I had a hard time shifting out of my current thought pattern, of dropping by the grocery store on the way home to purchase what I need for that night. At first I just bought what I wanted right then … but then considered that it might be nice to enjoy it all week. My brain couldn’t handle all week planning, and I know if I just bought and bought that half would go to waste. So I planned two meals, which will give leftovers for another two, plus salads.
I left with raspberries, blueberries, cherries, peaches, carrots, zucchini, broccoli, chard, coho salmon fillet chunks, sheep’s milk cream cheese, brie, and tomatoes. The farm-fresh eggs were so tempting, but I wasn’t sure I could get them home intact. Oh, and bread! Darnit, I forgot to buy the beets.

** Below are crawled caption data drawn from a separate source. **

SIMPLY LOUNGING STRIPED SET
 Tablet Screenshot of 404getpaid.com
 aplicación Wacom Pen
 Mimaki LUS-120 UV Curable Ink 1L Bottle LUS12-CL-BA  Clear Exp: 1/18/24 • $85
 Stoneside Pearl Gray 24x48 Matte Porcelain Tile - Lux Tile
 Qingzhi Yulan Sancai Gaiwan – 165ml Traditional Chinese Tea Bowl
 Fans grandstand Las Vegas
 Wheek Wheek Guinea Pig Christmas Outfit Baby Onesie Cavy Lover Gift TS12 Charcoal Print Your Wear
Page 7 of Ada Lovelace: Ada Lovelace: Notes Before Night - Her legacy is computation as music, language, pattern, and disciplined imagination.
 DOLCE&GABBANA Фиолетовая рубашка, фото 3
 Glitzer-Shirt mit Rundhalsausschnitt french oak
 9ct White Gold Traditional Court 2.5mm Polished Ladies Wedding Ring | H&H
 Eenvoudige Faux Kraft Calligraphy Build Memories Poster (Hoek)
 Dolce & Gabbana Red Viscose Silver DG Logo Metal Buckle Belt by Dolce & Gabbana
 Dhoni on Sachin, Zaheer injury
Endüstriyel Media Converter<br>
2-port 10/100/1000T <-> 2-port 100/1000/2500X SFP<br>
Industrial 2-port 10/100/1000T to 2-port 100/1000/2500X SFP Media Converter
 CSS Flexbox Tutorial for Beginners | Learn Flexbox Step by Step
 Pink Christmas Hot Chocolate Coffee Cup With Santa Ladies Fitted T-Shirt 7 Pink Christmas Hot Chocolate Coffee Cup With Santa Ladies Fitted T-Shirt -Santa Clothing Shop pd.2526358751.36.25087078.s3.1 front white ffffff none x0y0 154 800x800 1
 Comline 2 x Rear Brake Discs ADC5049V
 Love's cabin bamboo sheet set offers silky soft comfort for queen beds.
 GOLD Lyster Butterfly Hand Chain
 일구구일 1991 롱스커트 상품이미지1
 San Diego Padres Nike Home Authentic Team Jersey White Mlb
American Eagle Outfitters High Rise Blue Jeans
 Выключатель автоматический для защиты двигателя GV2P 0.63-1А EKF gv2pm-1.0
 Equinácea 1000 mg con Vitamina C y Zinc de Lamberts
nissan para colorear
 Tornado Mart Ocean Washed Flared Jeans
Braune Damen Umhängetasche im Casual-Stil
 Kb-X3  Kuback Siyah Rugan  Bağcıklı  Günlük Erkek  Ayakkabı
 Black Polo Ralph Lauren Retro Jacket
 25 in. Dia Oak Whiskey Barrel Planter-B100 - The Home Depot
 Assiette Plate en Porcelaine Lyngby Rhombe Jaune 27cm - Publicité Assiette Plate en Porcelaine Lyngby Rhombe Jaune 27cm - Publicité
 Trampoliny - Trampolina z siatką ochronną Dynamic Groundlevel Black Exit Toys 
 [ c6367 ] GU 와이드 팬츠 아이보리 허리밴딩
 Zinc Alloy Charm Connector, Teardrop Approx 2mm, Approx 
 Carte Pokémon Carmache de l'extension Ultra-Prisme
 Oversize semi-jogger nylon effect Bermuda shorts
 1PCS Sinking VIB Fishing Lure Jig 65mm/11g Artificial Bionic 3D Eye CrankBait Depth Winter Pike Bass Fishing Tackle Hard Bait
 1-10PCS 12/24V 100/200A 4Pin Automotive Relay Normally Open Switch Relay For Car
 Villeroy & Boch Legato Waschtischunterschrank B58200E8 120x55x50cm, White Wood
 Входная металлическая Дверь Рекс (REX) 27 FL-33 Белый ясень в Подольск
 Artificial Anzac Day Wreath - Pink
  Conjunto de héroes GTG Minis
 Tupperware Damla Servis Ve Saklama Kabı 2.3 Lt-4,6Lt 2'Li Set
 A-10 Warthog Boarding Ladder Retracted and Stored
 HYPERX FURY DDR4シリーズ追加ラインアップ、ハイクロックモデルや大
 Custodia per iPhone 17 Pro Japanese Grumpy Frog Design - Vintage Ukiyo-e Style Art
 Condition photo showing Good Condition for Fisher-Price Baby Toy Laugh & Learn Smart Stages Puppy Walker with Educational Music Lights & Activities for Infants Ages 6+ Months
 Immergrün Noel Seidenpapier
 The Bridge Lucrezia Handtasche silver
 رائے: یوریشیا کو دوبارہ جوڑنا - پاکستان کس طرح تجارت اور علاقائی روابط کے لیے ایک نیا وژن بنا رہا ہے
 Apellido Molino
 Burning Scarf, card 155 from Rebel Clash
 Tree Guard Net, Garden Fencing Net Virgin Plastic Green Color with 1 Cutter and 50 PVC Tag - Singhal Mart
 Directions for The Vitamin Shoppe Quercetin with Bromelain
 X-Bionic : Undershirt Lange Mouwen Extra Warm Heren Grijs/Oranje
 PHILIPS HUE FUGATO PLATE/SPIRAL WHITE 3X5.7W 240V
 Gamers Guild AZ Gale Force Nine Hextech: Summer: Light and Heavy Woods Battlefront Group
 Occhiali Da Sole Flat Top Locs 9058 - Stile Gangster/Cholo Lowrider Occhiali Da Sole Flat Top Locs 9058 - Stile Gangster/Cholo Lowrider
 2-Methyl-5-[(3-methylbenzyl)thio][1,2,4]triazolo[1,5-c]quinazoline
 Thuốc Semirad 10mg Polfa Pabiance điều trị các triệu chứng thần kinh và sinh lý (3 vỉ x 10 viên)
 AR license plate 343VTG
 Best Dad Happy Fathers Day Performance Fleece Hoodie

I do wish we had a farmer’s market similar to the one in San Francisco that Betty and the crew down there frequent. The varieties were limited to pretty much what we see in the grocery store – I think most people don’t realize that there’s more than one type of cherry, peach, and tomato just like we’re accustomed to with apples. While the tomato stand had several varieties they were all variations on a theme – beefsteak, roma, cherry, all bright red. Sure, there was sheep’s milk cheese, but all the cheese was the ‘standard’ type: feta, cream, jack, brie. The fish were the standards too for the most part, salmon and sole, though there was shrimp and lingcod. From the signs at the fish stall I think they occasionally have more exotic items, like octopus, skate, and scallops – probably by-catch. However I do recognize that the lack of variety is because these varieties are what people here are familiar with, and they’re what is grown because they’re what is bought. We also don’t have the population base frequenting the markets yet to support endless varieties of plums and exotic cheeses. At any rate, the market was packed shortly after we arrived and surely got only more so as the day went on. That was good to see. People are listening to the message about buying local. Or possibly jumping onto the trendiness of it. Either way, it’s a good thing. And eventually maybe the different varieties of food available will become trendy too, and we’ll start to see purple tomatoes and plum-peach hybrids.
Coho salmon marinated in lemongrass and peppercorns, whole wheat orzo pasta, local broccoli, with local blueberries and raspberries for dessert along with chocolate soy milk. How’s THAT for a great supper? Cameron needed some convincing on the salmon, but polished off a big plateful and declared it ‘yummy’. There’s still more salmon in the freezer, and leftovers from tonight.